Mein Name ist Dennés Deichsel, Journalismus Student an der Hochschule Magdeburg-Stendal, ich bin Queer-Aktivist und unteranderem auch Mitglied im LSVD.


Interview mit Michell W. aus Schönebeck:

Michell, wer bist du?

Ich bin Michell W. , Anfang 20 und bezeichne mich als queerer Aktivist.
Darüber hinaus bin ich ausgebildeter Rettungssanitäter und komme aus Schönebeck.
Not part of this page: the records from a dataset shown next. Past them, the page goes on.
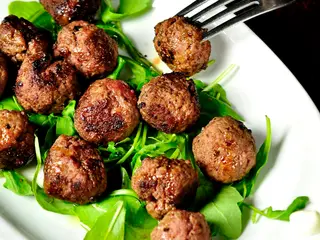 Vegetarian Delight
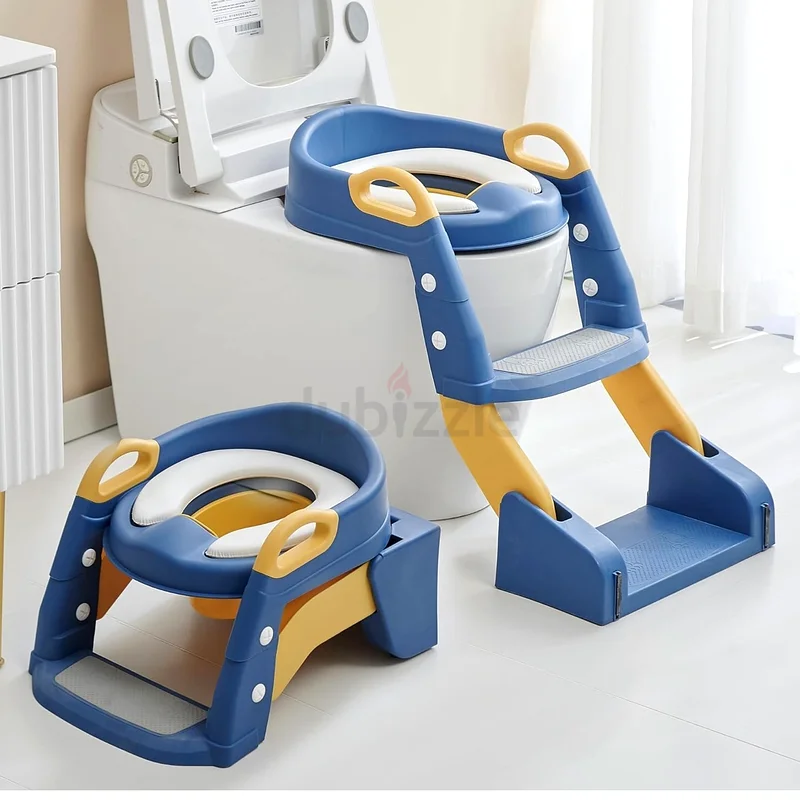Convenient Baby Potty Training Seat Set for Effortless Toilet Training632262680704011119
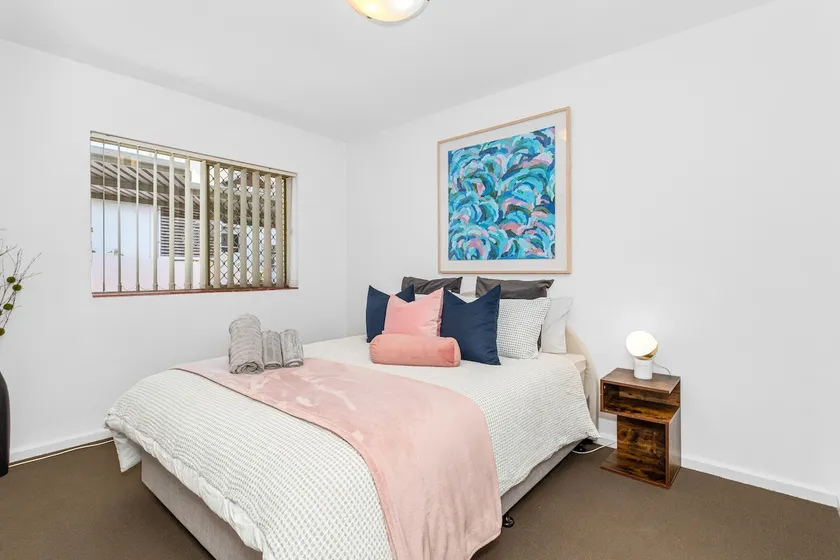 8 Cute Cunningham close to Subiaco - sleeps 4 - Image 1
Seit dem ich 17 Jahre alt bin, engagiere ich mich ehrenamtlich in der queeren Community in Sachsen-Anhalt. Ich bin seit Jahren geschätztes Mitglied beim CSD Magdeburg e.V., darüber hinaus beim CSD Sachsen-Anhalt aktiv, bei den Johannitern, sowie verschiedenen Jugendinitiativen. Seit Anfang 2021 bin ich auch Mitglied im LSVD.



Dennés: der LSVD Sachsen-Anhalt ist ja ein schwieriges Thema, gerade was die Willkommenskultur gegenüber engagierten, ehrenamtlichen Mitgliedern angeht.
Wie hast du das ganze erlebt?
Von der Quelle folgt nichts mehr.